Your goal: In the records below, the line with "Pelican 1615 Air" opens the range and the line with "MTS 2000 V2" closes it; print that range exactly and nothing else.

Given entries:

★ ★ ★

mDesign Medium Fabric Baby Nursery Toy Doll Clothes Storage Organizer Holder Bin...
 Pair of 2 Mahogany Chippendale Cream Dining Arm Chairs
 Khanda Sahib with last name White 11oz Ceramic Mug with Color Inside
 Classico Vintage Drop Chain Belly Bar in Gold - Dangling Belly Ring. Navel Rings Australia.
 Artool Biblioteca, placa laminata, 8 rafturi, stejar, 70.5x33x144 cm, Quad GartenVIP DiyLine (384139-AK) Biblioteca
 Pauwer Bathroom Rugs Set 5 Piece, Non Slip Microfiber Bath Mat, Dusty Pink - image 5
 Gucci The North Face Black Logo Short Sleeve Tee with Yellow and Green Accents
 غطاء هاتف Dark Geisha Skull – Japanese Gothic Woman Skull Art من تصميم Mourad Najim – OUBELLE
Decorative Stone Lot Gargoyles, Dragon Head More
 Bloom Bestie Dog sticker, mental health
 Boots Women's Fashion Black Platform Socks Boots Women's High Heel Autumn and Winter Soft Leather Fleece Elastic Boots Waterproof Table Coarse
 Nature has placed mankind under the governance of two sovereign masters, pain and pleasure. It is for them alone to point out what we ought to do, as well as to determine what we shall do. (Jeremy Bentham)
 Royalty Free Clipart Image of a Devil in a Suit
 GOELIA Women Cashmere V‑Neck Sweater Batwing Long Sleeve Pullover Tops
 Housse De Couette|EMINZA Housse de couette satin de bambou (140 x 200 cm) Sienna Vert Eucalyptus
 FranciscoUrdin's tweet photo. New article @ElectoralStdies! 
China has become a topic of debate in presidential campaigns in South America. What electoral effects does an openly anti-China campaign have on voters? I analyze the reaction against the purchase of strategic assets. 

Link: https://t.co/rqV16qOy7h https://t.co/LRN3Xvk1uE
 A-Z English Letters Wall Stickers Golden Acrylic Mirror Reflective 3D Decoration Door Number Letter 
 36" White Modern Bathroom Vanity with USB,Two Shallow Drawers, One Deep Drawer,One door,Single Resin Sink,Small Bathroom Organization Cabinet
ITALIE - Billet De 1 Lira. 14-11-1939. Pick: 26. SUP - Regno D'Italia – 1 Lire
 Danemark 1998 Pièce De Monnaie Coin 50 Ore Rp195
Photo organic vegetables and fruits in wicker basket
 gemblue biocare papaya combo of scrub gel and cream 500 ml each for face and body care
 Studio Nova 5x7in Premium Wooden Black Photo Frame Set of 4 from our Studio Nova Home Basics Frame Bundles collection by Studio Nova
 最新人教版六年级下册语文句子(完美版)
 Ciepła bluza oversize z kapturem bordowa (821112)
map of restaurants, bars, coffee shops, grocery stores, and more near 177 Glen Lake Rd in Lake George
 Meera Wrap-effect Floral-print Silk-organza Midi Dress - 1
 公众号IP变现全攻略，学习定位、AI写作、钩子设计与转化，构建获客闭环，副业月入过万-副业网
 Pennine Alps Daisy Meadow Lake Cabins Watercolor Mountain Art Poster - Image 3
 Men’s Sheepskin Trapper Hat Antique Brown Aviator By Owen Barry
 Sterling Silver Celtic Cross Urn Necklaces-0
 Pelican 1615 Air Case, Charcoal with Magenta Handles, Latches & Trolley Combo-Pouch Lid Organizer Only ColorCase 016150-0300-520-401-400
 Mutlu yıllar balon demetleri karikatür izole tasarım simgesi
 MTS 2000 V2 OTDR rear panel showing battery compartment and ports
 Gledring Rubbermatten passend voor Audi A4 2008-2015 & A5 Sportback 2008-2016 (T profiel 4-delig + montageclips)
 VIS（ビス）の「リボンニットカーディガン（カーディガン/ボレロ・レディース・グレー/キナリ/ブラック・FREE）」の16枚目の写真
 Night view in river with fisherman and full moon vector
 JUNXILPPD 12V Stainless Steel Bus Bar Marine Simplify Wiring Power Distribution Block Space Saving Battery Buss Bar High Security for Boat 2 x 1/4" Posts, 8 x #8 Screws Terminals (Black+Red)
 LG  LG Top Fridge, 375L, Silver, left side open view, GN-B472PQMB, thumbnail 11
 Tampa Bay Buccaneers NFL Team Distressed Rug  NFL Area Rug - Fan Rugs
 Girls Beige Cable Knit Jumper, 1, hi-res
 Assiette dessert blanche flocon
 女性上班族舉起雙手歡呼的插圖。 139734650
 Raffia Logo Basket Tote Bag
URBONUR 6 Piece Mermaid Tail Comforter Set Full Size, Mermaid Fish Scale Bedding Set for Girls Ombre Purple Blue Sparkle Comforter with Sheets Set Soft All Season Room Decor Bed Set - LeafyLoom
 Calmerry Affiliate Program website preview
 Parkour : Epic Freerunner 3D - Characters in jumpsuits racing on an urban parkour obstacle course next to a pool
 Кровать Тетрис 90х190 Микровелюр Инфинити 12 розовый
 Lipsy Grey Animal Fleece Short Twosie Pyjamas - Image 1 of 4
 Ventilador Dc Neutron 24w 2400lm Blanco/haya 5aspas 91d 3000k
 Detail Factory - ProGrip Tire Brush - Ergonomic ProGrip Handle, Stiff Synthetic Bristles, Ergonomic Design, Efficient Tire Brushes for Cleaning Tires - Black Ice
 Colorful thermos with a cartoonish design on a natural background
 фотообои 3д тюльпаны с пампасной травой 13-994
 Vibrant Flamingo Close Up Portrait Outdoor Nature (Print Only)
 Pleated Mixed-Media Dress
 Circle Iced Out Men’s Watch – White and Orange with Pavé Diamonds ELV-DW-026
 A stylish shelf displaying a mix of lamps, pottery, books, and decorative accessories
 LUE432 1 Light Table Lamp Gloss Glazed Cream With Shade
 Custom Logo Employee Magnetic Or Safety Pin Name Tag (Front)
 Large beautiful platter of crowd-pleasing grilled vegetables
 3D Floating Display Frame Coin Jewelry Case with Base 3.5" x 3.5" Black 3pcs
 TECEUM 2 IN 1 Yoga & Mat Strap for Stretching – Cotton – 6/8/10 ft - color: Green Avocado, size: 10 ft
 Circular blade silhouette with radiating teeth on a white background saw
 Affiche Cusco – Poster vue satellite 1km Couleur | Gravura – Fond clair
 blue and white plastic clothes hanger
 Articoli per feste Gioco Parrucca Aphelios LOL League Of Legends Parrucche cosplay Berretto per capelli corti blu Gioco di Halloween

★ ★ ★

Answer to the problem:
 Pelican 1615 Air Case, Charcoal with Magenta Handles, Latches & Trolley Combo-Pouch Lid Organizer Only ColorCase 016150-0300-520-401-400
 Mutlu yıllar balon demetleri karikatür izole tasarım simgesi
 MTS 2000 V2 OTDR rear panel showing battery compartment and ports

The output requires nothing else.